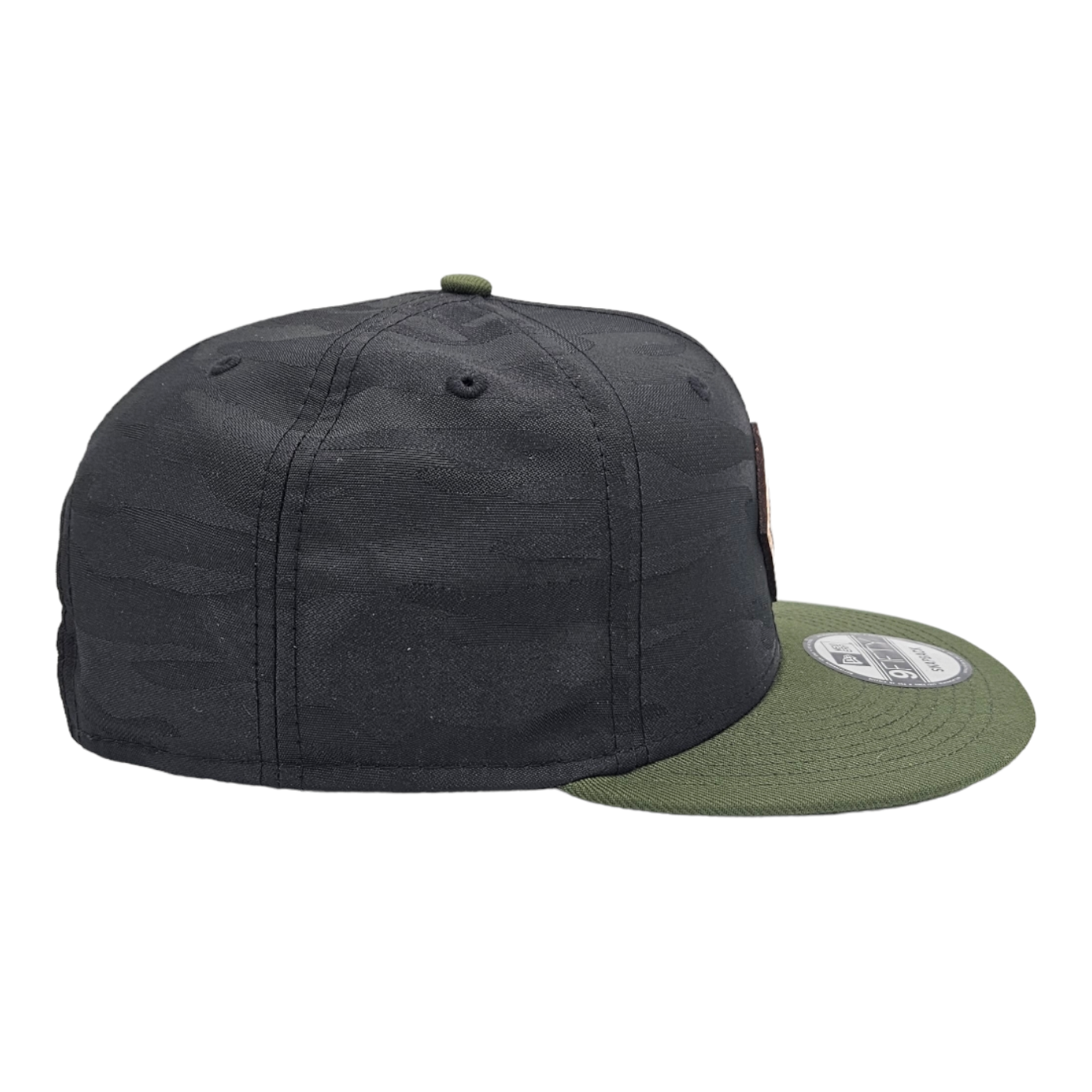 Orcas MTB - Black Camo / Olive Flatbill đ XL Hat + New Era + Snapback
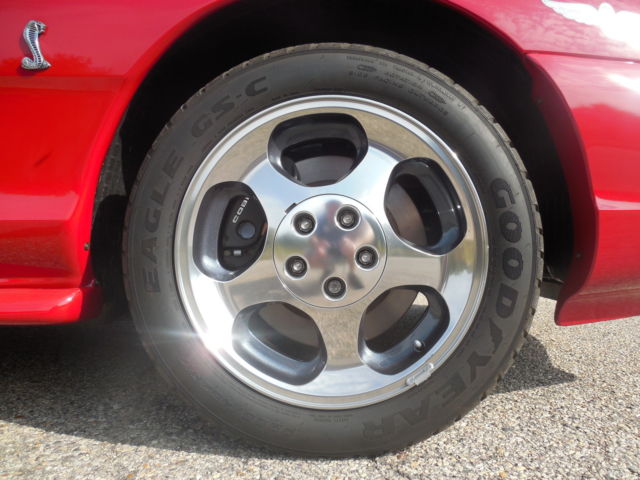 1994 Rio Red Ford Mustang Convertible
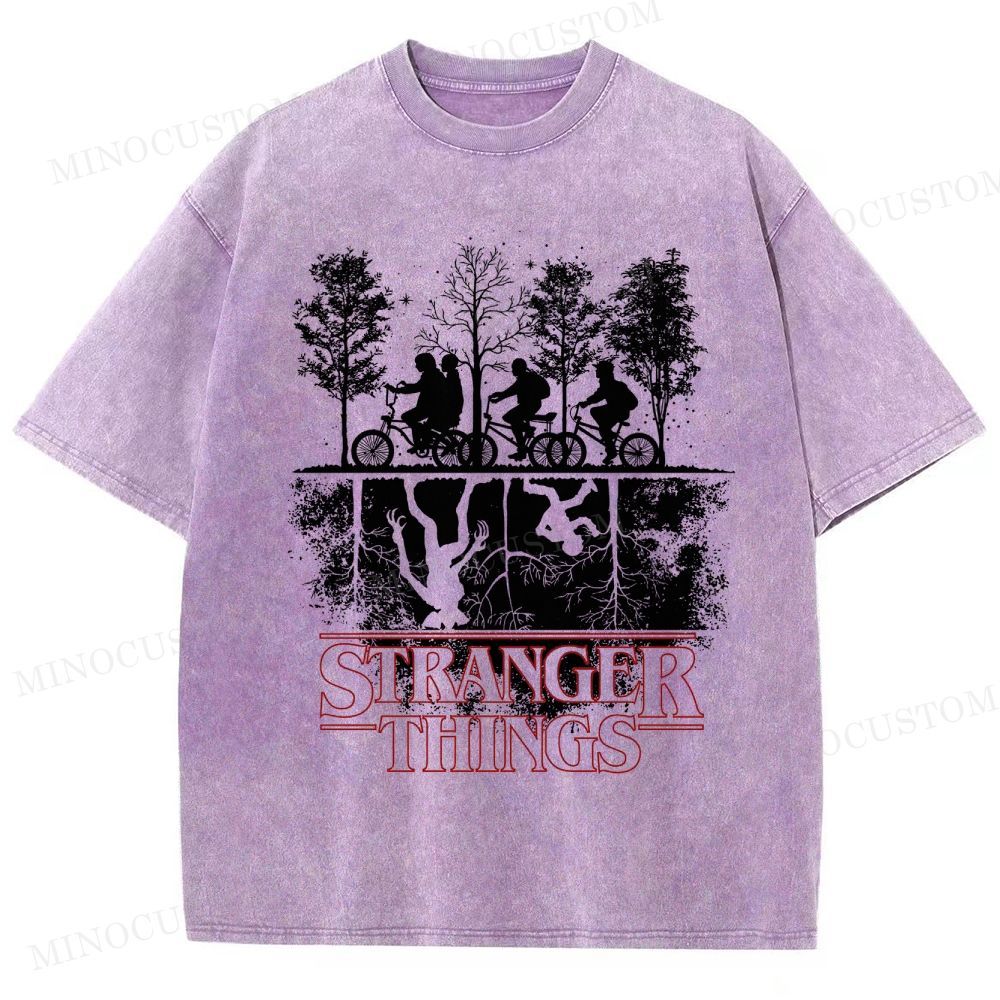 Stranger Things Vintage Washed T - shirt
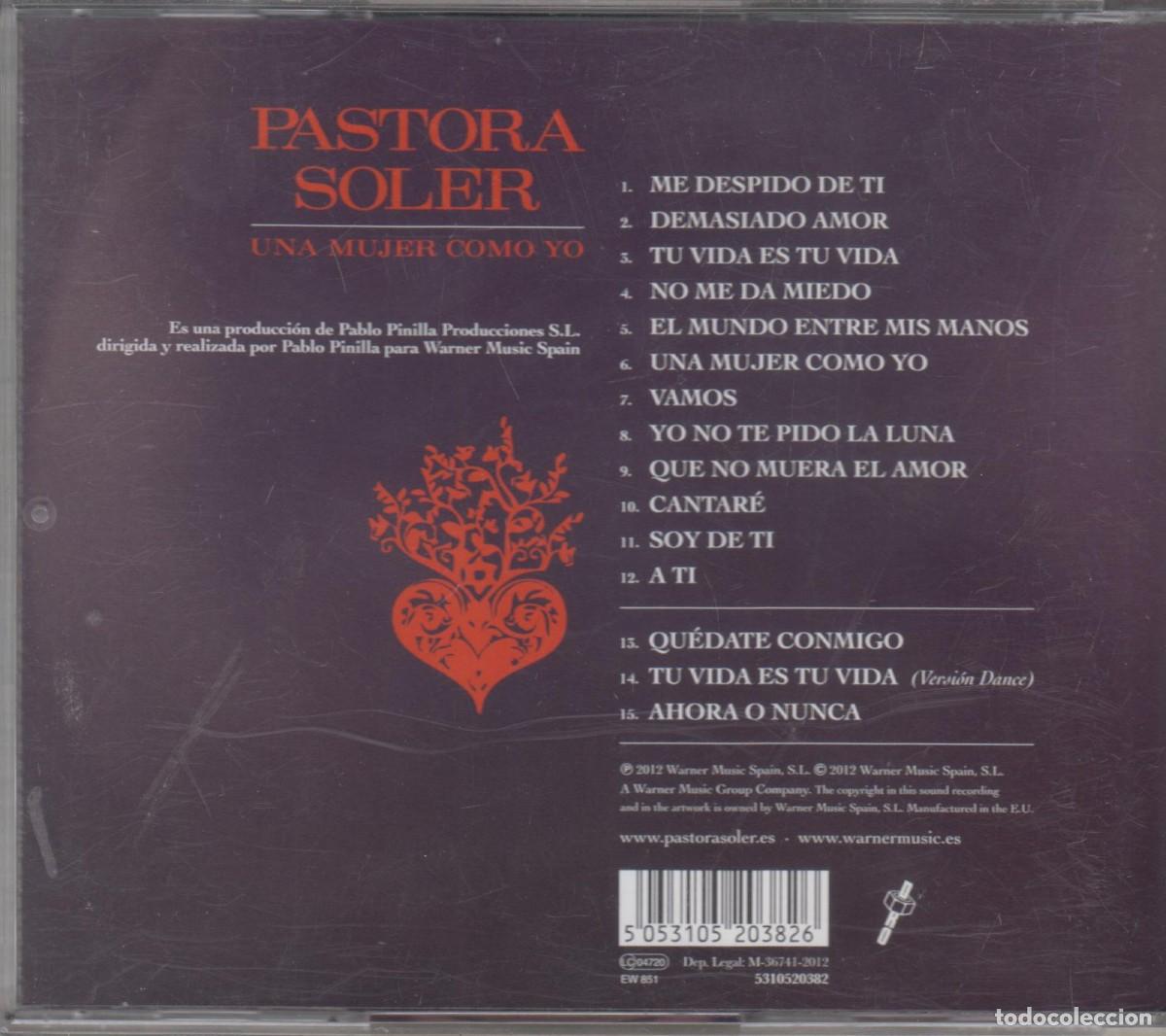 CDs de m&uacute;sica: Pastora Soler cd Una mujer como yo 2012 - Foto 2
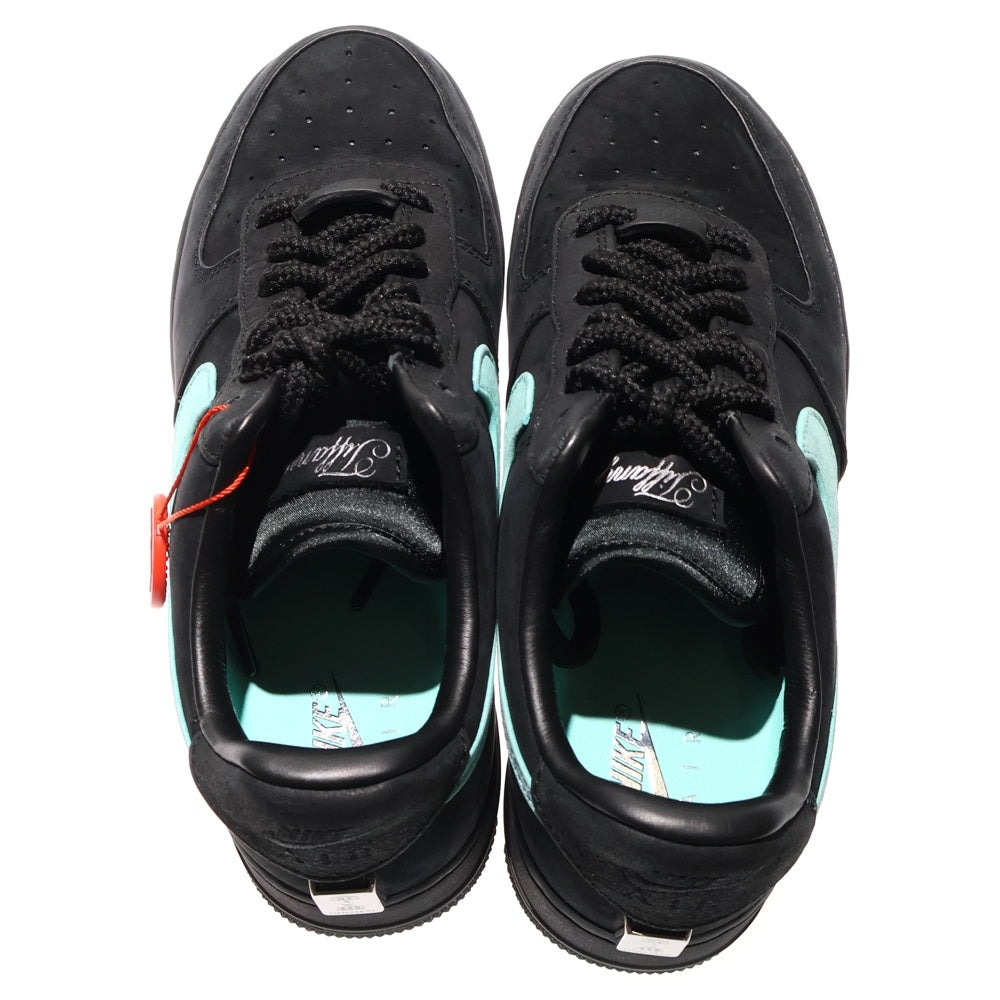 NIKE(ナイキ) ×TIFFANY&CO AIR FORCE 1 LOW 1837 BLACK ティファニー エアフォース1 ローカットスニーカー シューズ ブルー/ブラック US6.5/24.5cm DZ1382-001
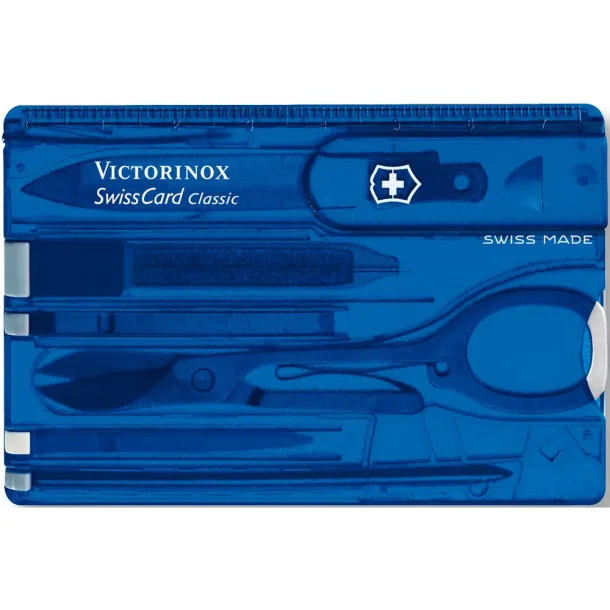 Victorinox SwissCard Classic Multitool Plava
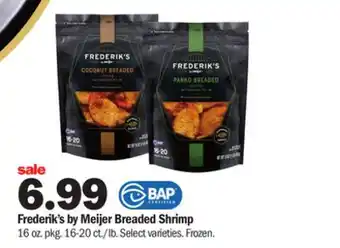 Meijer Frederik's by meijer breaded shrimp offer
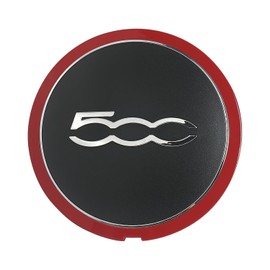 Cubierta Central de llanta de Rueda Compatible con Fiat 500 500C 500E 2012-2019 Accesorios Piezas Reemplaza 68078419AC 68078421AC Negro y Rojo Mopar Wheel Center Ca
○ ○ ○ ○ ○
The entries above are to be printed again word for word, with every picture removed.

 Orcas MTB - Black Camo / Olive Flatbill đ XL Hat + New Era + Snapback
 1994 Rio Red Ford Mustang Convertible
 Stranger Things Vintage Washed T - shirt
 CDs de m&uacute;sica: Pastora Soler cd Una mujer como yo 2012 - Foto 2
 NIKE(ナイキ) ×TIFFANY&CO AIR FORCE 1 LOW 1837 BLACK ティファニー エアフォース1 ローカットスニーカー シューズ ブルー/ブラック US6.5/24.5cm DZ1382-001
 Victorinox SwissCard Classic Multitool Plava
 Meijer Frederik's by meijer breaded shrimp offer
 Cubierta Central de llanta de Rueda Compatible con Fiat 500 500C 500E 2012-2019 Accesorios Piezas Reemplaza 68078419AC 68078421AC Negro y Rojo Mopar Wheel Center Ca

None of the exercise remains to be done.